◆ Exercise goal ◆
The expected response is the entire set of entries, copied exactly.

◆ Supplied material ◆
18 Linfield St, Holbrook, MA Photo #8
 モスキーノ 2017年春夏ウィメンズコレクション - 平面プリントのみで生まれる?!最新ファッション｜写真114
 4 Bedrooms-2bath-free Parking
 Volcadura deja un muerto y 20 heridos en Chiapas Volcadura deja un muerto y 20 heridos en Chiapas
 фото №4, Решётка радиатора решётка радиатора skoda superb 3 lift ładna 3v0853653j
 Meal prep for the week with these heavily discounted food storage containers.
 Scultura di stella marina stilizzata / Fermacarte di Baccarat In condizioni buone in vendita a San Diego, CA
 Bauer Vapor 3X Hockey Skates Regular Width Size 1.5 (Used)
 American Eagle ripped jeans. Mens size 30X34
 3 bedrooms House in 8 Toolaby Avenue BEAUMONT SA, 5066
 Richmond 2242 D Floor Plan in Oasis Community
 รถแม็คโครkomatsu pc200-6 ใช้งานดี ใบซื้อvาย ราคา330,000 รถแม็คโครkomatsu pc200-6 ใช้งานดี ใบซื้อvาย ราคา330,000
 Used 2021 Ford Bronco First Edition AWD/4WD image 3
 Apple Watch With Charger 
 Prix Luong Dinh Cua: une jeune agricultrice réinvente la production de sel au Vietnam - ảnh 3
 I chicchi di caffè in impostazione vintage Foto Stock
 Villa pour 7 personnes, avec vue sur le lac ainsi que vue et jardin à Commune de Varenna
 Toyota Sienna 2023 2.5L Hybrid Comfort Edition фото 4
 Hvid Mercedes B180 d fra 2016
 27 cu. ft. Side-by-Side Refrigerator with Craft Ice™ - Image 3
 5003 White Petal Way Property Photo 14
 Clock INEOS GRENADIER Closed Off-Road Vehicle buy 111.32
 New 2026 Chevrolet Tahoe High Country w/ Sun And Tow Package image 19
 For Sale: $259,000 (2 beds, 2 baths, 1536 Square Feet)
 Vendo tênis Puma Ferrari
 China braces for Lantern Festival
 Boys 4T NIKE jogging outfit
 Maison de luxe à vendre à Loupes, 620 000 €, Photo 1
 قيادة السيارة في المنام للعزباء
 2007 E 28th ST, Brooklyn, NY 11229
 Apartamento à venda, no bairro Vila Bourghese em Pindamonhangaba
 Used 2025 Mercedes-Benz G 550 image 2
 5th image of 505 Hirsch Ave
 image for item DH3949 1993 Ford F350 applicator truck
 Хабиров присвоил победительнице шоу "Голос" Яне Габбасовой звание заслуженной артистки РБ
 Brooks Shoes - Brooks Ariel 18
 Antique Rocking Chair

◆ Answer below ◆
18 Linfield St, Holbrook, MA Photo #8
 モスキーノ 2017年春夏ウィメンズコレクション - 平面プリントのみで生まれる?!最新ファッション｜写真114
 4 Bedrooms-2bath-free Parking
 Volcadura deja un muerto y 20 heridos en Chiapas Volcadura deja un muerto y 20 heridos en Chiapas
 фото №4, Решётка радиатора решётка радиатора skoda superb 3 lift ładna 3v0853653j
 Meal prep for the week with these heavily discounted food storage containers.
 Scultura di stella marina stilizzata / Fermacarte di Baccarat In condizioni buone in vendita a San Diego, CA
 Bauer Vapor 3X Hockey Skates Regular Width Size 1.5 (Used)
 American Eagle ripped jeans. Mens size 30X34
 3 bedrooms House in 8 Toolaby Avenue BEAUMONT SA, 5066
 Richmond 2242 D Floor Plan in Oasis Community
 รถแม็คโครkomatsu pc200-6 ใช้งานดี ใบซื้อvาย ราคา330,000 รถแม็คโครkomatsu pc200-6 ใช้งานดี ใบซื้อvาย ราคา330,000
 Used 2021 Ford Bronco First Edition AWD/4WD image 3
 Apple Watch With Charger 
 Prix Luong Dinh Cua: une jeune agricultrice réinvente la production de sel au Vietnam - ảnh 3
 I chicchi di caffè in impostazione vintage Foto Stock
 Villa pour 7 personnes, avec vue sur le lac ainsi que vue et jardin à Commune de Varenna
 Toyota Sienna 2023 2.5L Hybrid Comfort Edition фото 4
 Hvid Mercedes B180 d fra 2016
 27 cu. ft. Side-by-Side Refrigerator with Craft Ice™ - Image 3
 5003 White Petal Way Property Photo 14
 Clock INEOS GRENADIER Closed Off-Road Vehicle buy 111.32
 New 2026 Chevrolet Tahoe High Country w/ Sun And Tow Package image 19
 For Sale: $259,000 (2 beds, 2 baths, 1536 Square Feet)
 Vendo tênis Puma Ferrari
 China braces for Lantern Festival
 Boys 4T NIKE jogging outfit
 Maison de luxe à vendre à Loupes, 620 000 €, Photo 1
 قيادة السيارة في المنام للعزباء
 2007 E 28th ST, Brooklyn, NY 11229
 Apartamento à venda, no bairro Vila Bourghese em Pindamonhangaba
 Used 2025 Mercedes-Benz G 550 image 2
 5th image of 505 Hirsch Ave
 image for item DH3949 1993 Ford F350 applicator truck
 Хабиров присвоил победительнице шоу "Голос" Яне Габбасовой звание заслуженной артистки РБ
 Brooks Shoes - Brooks Ariel 18
 Antique Rocking Chair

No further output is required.